Dua Gantang Beras, Wujud Kebaikan Dermawan

Siapa sangka, aksi “titipan” membagikan beras pada Ramadan lalu malah menjadi program rutin. Saat itu, seorang dermawan meminta salah seorang relawan membagikan beras kepada masyarakat prasejahtera di Tanah Bumbu. Ternyata, aksi itu mendapat sambutan baik dari dermawan yang lain.

ACTNews, TANAH BUMBU – “Alhamdulillah pas sekali beras habis. Terima kasih, Nak, pagi-pagi sudah bawa rezeki ke rumah kami,” ungkap Asmah penuh senyum. Ibu yang menjadi tulang punggung keluarga itu merasa bersyukur menerima sedekah beras yang dibawa tim ACT Kalimantan Selatan bersama Masyarakat Relawan Indonesia (MRI) Tanah Bumbu, Kamis (11/7).

Asmah (49) sehari-hari berjualan sayur untuk menghidupi keluarganya. Suami Asmah telah lama mengalami strok. Dua gantang–satuan yang biasa dipakai masyarakat Tanah Bumbu untuk menakar beras–atau senilai 6 kilogram beras itu menjadi kebahagiaan baginya. “Semoga yang memberi selalu diberikan kesehatan dan rezeki yang berlimpah oleh Allah SWT,” doa Asmah untuk para dermawan. 

Aksi sedekah beras oleh MRI-ACT di Tanah Bumbu adalah bentuk kepedulian relawan yang telah berjalan selama dua pekan terakhir. Kegiatan secara rutin dilaksanakan setiap Kamis. “Alhamdulillah sudah membantu 42 warga prasejahtera, khususnya para lansia,” terang Ketua MRI Tanah Bumbu Anjar Sufangat. 

Anjar berkisah, awal program tersebut bermula dari aksi salah seorang relawan saat bulan Ramadan lalu. “Ada relawan kami yang dititipin seorang donatur untuk membagikan beras. Ternyata aksi ini mendapat respon positif dari para dermawan lain di Tanah Bumbu.
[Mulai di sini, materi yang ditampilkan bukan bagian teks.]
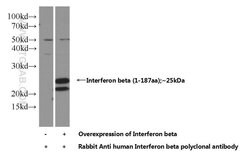 Interferon beta Rabbit anti-Human, Polyclonal, Proteintech 150 &mu;L; Unconjugated:Antibodies,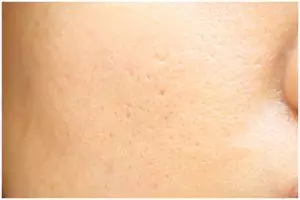 Bukan pakai bubuk kopi, begini cara bersihkan pori-pori tersumbat kotoran pakai 1 produk fermentasi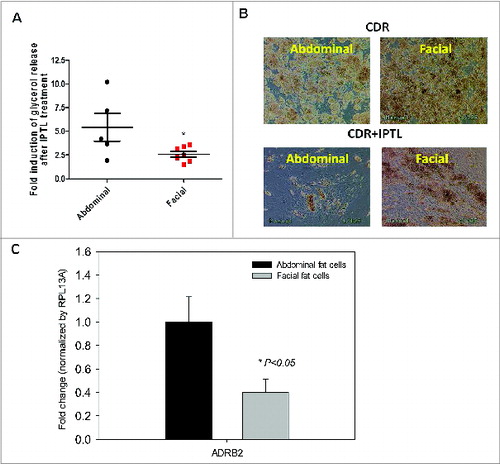 Figure 4. β-adrenergic receptor expression and responsiveness to isoproterenol in differentiated facial and abdominal preadipocytes. On day 14, cultures remained untreated (CDR) or were incubated with 10 μM isoproterenol (CDR+ IPTL) for up to one week. (A) Acute glycerol release after 5 hour isoproterenol treatment (2 μM). Data represented as mean ± SEM. Abdominal cells, n = 5 donors and facial cells, n = 7 donors. *Student t test P < 0.05. (B) Representative image of facial and abdominal adipocytes before and after 1 week of isoproterenol exposure. (C) After 1 week of isoproterenol treatment, the expression of lipid metabolic genes was evaluated by qPCR analysis and was normalized by expression of the RPL13A gene. Abdominal cells, n = 6 donors and facial cells, n = 4 donors. CD, control differentiation; CDR, CD + 10 μM rosiglitazone; ADRB2, β2-adrenergic receptor. Passages 2 until 6 were used for abdominal cells and passages 3 untill 11 were used for facial cells.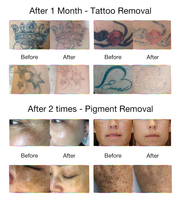 PicoKing 350ps Real Picolaser Professionnel 532nm 755nm 1064nm 1320nm Machine d'élimination des tatouages avec certification médicale CE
Akhirnya kami bersepakat untuk menjadikan ini sebagai program kerja,” ceritanya. 


Menurut Anggar, program-program sosial semacam itu menunjukan kehadiran ACT dan MRI di masyarakat bukan hanya saat bencana alam, tetapi juga sebagai solusi permasalahan kemanusiaan.

Berkolaborasi dengan Komunitas Fastabiqul Khairat (KFK), program distribusi beras telah menjangkau lima desa di Kecamatan Kusan Hilir, yaitu Desa Manurung, Desa Pagaruyung, Desa Batuah, Desa Juku Eja, dan Desa Betung. 


Kesan mendalam juga dirasakan Deni Erwin selaku Koordinator Aksi. Ia merasa bersyukur dengan kepercayaan yang diberikan para dermawan sehingga para relawan bisa menyapa masyarakat prasejahtera. 

“Senyum bahagia para lansia itulah yang membuat semangat saya tak pernah padam. Semoga kami bisa terus menyambangi mereka dan menghadirkan tawa,” ucap Deni penuh antusias. 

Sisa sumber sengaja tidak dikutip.